--- TASK INSTRUCTIONS ---
Write out the entries verbatim and leave the images out of the copy.

(INFORMATION PROVIDED begins)

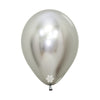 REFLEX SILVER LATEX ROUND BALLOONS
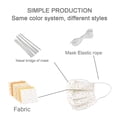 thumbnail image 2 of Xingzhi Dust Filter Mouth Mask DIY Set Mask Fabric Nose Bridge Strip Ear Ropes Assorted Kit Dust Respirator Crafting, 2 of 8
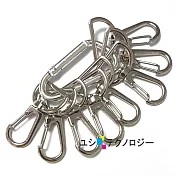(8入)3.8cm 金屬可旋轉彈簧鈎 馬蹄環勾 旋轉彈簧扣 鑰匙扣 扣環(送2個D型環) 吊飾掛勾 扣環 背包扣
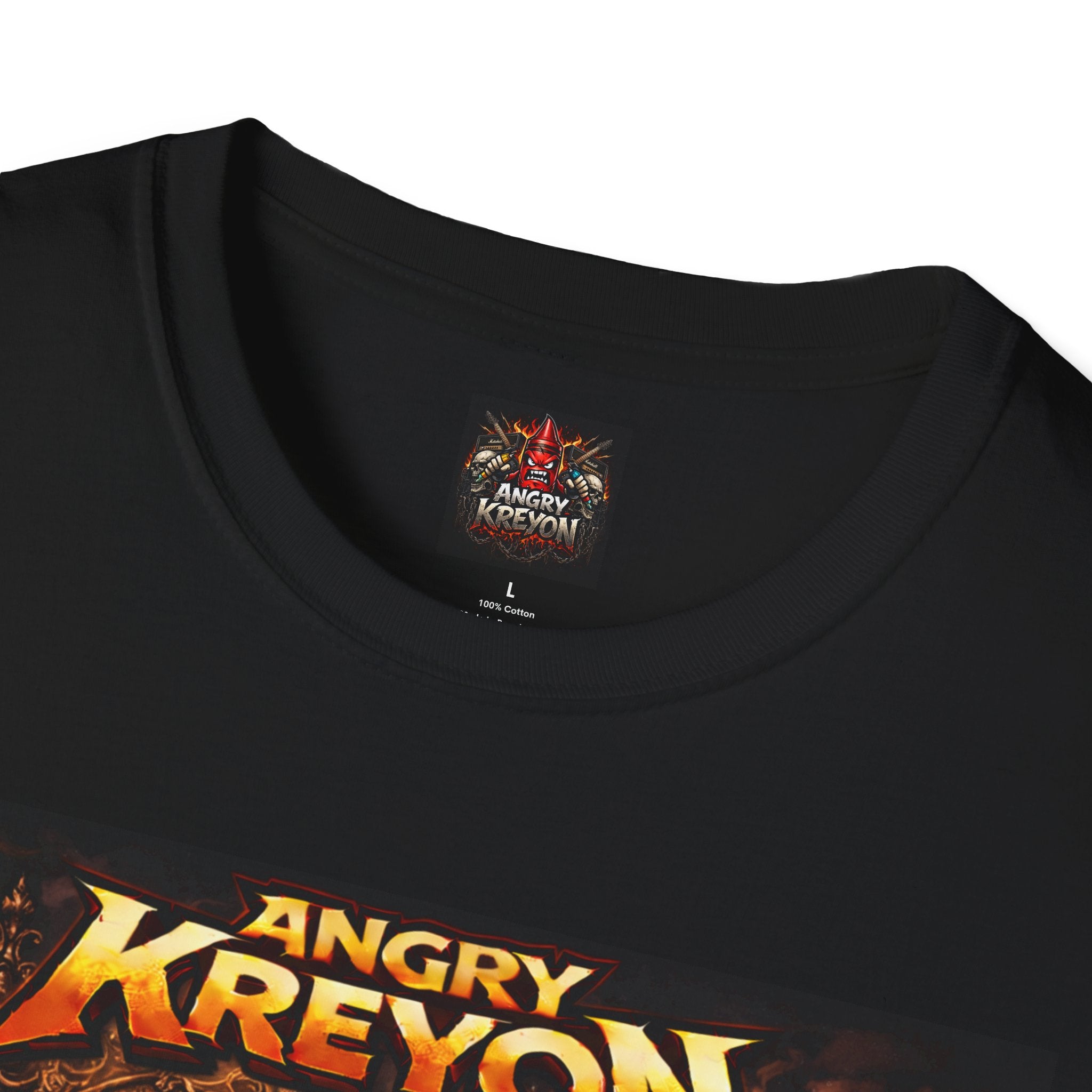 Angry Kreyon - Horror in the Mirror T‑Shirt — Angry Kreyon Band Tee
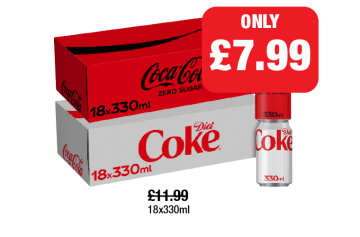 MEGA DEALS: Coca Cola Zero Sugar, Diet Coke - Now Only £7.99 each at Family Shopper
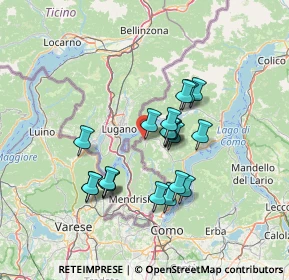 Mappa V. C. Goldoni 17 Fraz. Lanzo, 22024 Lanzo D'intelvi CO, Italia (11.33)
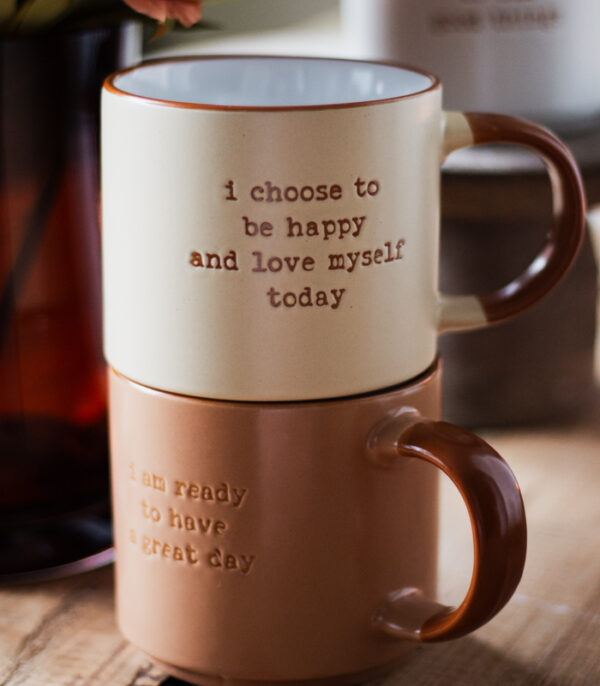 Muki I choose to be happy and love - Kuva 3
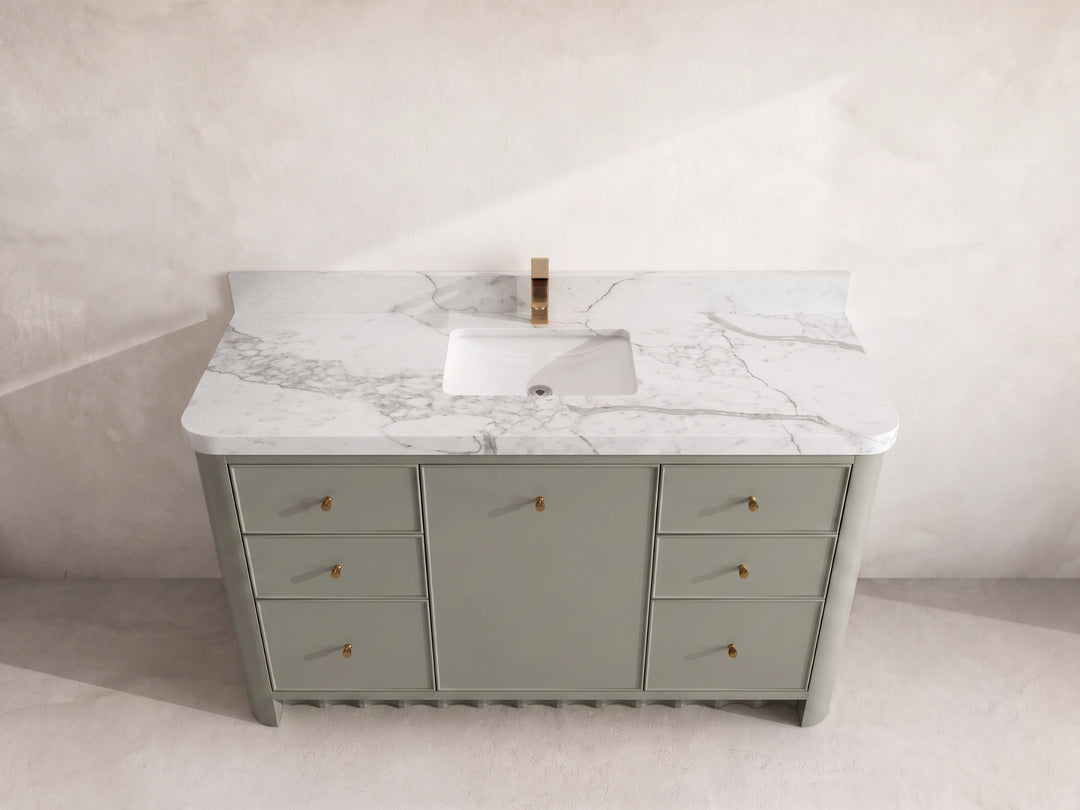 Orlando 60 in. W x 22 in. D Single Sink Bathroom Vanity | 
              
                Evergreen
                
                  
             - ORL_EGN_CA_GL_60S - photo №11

(INFORMATION PROVIDED ends)

--- SOLUTION ---
 REFLEX SILVER LATEX ROUND BALLOONS
 thumbnail image 2 of Xingzhi Dust Filter Mouth Mask DIY Set Mask Fabric Nose Bridge Strip Ear Ropes Assorted Kit Dust Respirator Crafting, 2 of 8
(8入)3.8cm 金屬可旋轉彈簧鈎 馬蹄環勾 旋轉彈簧扣 鑰匙扣 扣環(送2個D型環) 吊飾掛勾 扣環 背包扣
 Angry Kreyon - Horror in the Mirror T‑Shirt — Angry Kreyon Band Tee
 MEGA DEALS: Coca Cola Zero Sugar, Diet Coke - Now Only £7.99 each at Family Shopper
 Mappa V. C. Goldoni 17 Fraz. Lanzo, 22024 Lanzo D'intelvi CO, Italia (11.33)
 Muki I choose to be happy and love - Kuva 3
 Orlando 60 in. W x 22 in. D Single Sink Bathroom Vanity | 
              
                Evergreen
                
                  
             - ORL_EGN_CA_GL_60S - photo №11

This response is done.